Ward and June decide that they can’t let The Beaver go forward with reading the poem and decide to put a stop to it. They talk to The Beaver, who is confused about what he did wrong, but he eventually agrees he can’t claim the award. Ward then goes to the school and talks to The Beaver’s teacher, explaining the situation. She agrees to forgive the transgression in exchange for a new, original work by The Beaver.
In the end of the episode, The Beaver says he’s confident his new poem, which is about a duck, will win a prize too since he is the only student turning in a poem at all.
Understanding the Plagiarism
In some ways, the episode does an excellent job humanizing this particular kind of plagiarism. Many parents struggle with just how much help they should give their children with their homework (especially with young children) and this episode captures that particularly well.
The scene with Ward and The Beaver working on the behavior is long, awkward and extremely relatable. A parent, trying to help their child, keeps running into a wall as a child, who put off the assignment for weeks, seems to be incapable of making any headway.
No doubt many parents can relate to just that and many were tempted to do exactly what Ward did.
But it’s after the plagiarism that things begin to fall apart. Though June expressed minor misgivings about Ward writing the poem for him in advance, neither of them were truly concerned until after The Beaver won the award. It was then that the problem demanded both of their full attention.
Then, once the plagiarism was reported, it was treated very lightly. While The Beaver is a young child and didn’t actually do anything wrong beyond simply following his father’s orders, there were no stern words or consequences at all for Ward.
The matter, seemingly, was laughed off as a misunderstanding and the worst that happened to Ward was having his poem laughed at by others.
The one place where there was some honesty was when The Beaver was talking to his parents about why he couldn’t accept the award. He didn’t understand that, though he copied the poem, he didn’t write it and was genuinely confused by what he did wrong.
While studies show that children understand plagiarism as wrong by the age of 5, that’s not to say the understanding is universal. Furthermore, it’s easy to see why a child, who was just following his dad’s orders, would be confused about what was wrong.

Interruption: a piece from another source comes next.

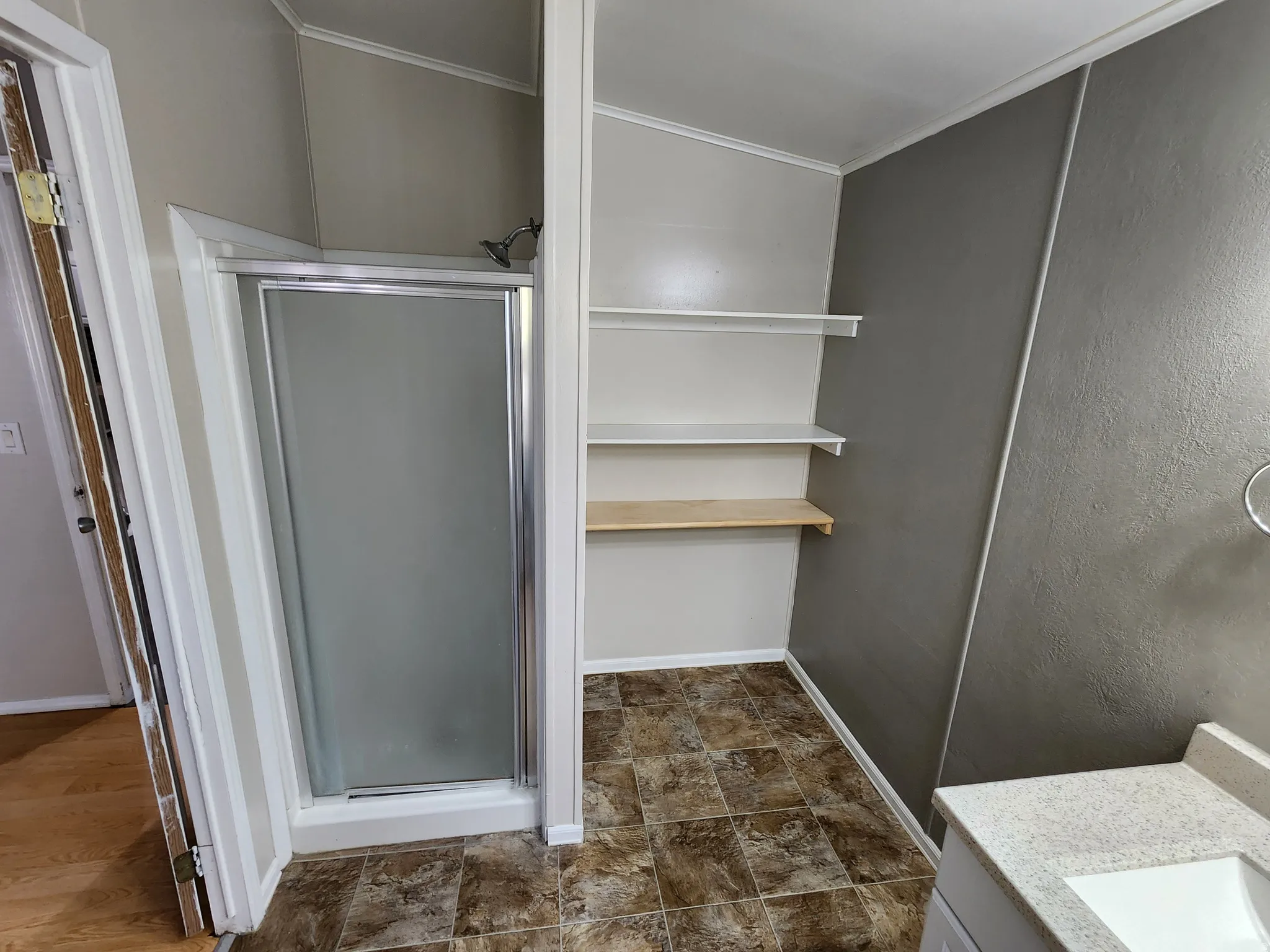 Bathroom with vanity, a stall shower, ornamental molding, and stone finish flooring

So while the episode did a decent job showing the emotions and confusion that impacts the child in the situation, the father, who is the one that actually did something wrong, suffered very little for his actions and was not held to task at all, other than being the butt of a few jokes over his poem.
All in all, Leave it to Beaver handled plagiarism in the same way it handled other plot devices, by distilling them into an easily-resolved misunderstanding with zero real consequence.
Still, the portrayal of how the plagiarism happened will hit home with many parents and the reactions The Beaver has to his parents change of heart are understandable. But while the outcome of the plagiarism fits with the show’s tendency for clean, family-friendly endings.
When it’s all considered, this show didn’t treat plagiarism any more or less seriously than other topics. Leave it to Beaver just was never meant to be a vehicle for exploring complicated social issues and that includes plagiarism.
However, it’s that lack of serious underpinnings that have left the show, despite its place in history, as being treated as little more than saccharin TV. If anything, it’s interesting to hold this episode against the Facts of Life one we discussed last week and see just how far sitcoms moved in 20 years when it comes to tackling difficult issues.